*** DATA Section Begins ***

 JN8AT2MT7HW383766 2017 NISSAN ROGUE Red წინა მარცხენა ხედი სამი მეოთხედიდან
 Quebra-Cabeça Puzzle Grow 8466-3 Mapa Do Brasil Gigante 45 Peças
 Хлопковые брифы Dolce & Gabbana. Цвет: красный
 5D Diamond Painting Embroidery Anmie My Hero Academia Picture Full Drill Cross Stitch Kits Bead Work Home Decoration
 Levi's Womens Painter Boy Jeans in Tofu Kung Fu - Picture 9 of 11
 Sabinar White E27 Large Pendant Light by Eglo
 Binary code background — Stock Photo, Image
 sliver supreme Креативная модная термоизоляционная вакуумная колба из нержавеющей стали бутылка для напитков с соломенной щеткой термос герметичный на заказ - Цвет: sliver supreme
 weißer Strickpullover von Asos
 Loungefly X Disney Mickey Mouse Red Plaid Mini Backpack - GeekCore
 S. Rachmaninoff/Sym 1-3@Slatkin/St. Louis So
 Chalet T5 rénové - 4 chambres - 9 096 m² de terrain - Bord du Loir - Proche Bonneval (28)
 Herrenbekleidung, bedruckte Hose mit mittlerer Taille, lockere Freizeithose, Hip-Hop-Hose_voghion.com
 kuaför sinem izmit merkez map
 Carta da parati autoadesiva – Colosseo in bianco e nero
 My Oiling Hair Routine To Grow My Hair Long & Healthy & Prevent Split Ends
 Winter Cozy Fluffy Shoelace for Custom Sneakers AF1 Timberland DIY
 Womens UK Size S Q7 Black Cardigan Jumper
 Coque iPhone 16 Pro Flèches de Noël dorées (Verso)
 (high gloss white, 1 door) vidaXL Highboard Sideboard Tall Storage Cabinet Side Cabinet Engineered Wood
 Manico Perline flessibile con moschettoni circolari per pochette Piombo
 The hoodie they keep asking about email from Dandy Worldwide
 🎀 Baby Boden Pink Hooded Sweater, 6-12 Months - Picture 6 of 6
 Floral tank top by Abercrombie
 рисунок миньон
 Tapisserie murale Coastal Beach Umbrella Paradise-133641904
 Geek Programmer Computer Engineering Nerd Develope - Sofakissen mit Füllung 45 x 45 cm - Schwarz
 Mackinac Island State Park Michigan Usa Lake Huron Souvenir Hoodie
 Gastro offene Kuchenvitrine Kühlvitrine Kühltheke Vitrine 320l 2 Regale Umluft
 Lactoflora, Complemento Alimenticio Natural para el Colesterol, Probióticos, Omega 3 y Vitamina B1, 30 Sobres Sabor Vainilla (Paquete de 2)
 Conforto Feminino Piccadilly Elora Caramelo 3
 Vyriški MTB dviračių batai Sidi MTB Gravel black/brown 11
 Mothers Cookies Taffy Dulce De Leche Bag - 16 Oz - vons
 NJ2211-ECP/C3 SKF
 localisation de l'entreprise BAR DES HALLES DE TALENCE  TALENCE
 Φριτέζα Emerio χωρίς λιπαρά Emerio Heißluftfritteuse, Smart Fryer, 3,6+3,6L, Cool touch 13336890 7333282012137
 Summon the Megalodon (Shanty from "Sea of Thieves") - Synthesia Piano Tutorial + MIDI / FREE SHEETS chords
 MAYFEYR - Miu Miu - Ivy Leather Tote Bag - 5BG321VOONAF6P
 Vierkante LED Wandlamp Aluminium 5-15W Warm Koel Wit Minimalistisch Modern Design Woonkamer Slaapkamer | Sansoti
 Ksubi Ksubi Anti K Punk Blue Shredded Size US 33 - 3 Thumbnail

*** DATA Section Ends ***

● ABOUT THIS TASK:
The answer is each line from the entries above in which the word "Size" occurs.

● YOUR SOLUTION:
 Womens UK Size S Q7 Black Cardigan Jumper
 Ksubi Ksubi Anti K Punk Blue Shredded Size US 33 - 3 Thumbnail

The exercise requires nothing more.